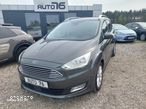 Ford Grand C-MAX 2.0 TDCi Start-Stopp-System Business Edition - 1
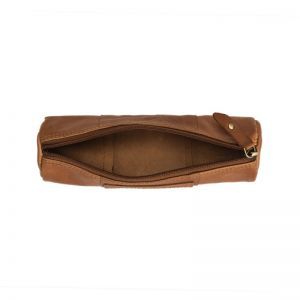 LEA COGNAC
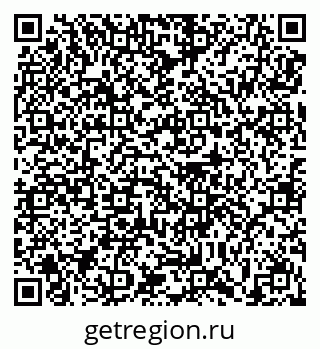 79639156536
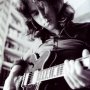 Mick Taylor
* * *
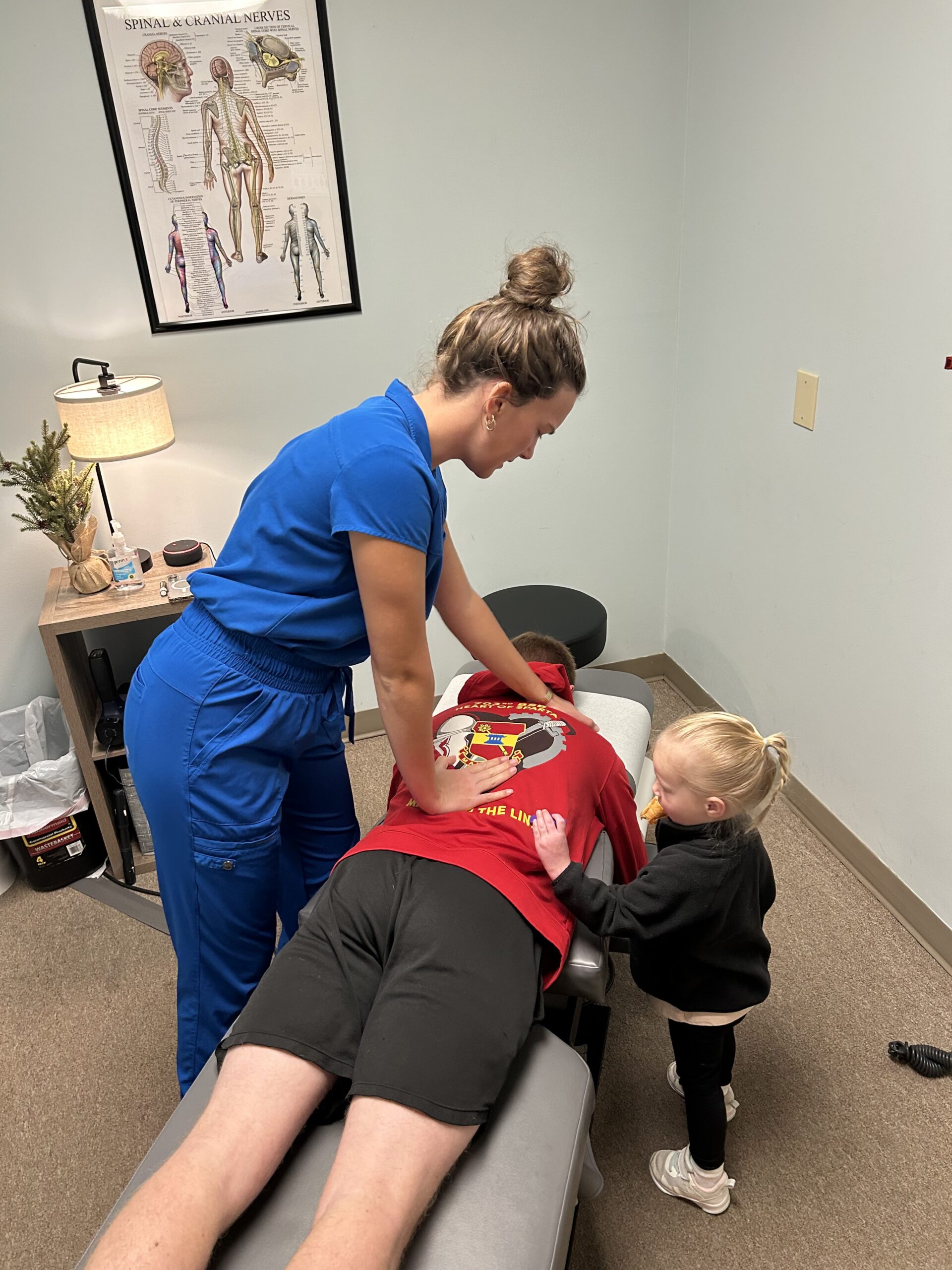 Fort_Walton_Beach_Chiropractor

- WHAT YOU HAVE TO DO
Write back the stretch of lines above that begins with the line holding "Ford Grand C-MAX" and ends with the line holding "Mick Taylor", both included, exactly as written. Pictures stay out.

- OUTPUT FOR THIS TASK
 Ford Grand C-MAX 2.0 TDCi Start-Stopp-System Business Edition - 1
 LEA COGNAC
 79639156536
 Mick Taylor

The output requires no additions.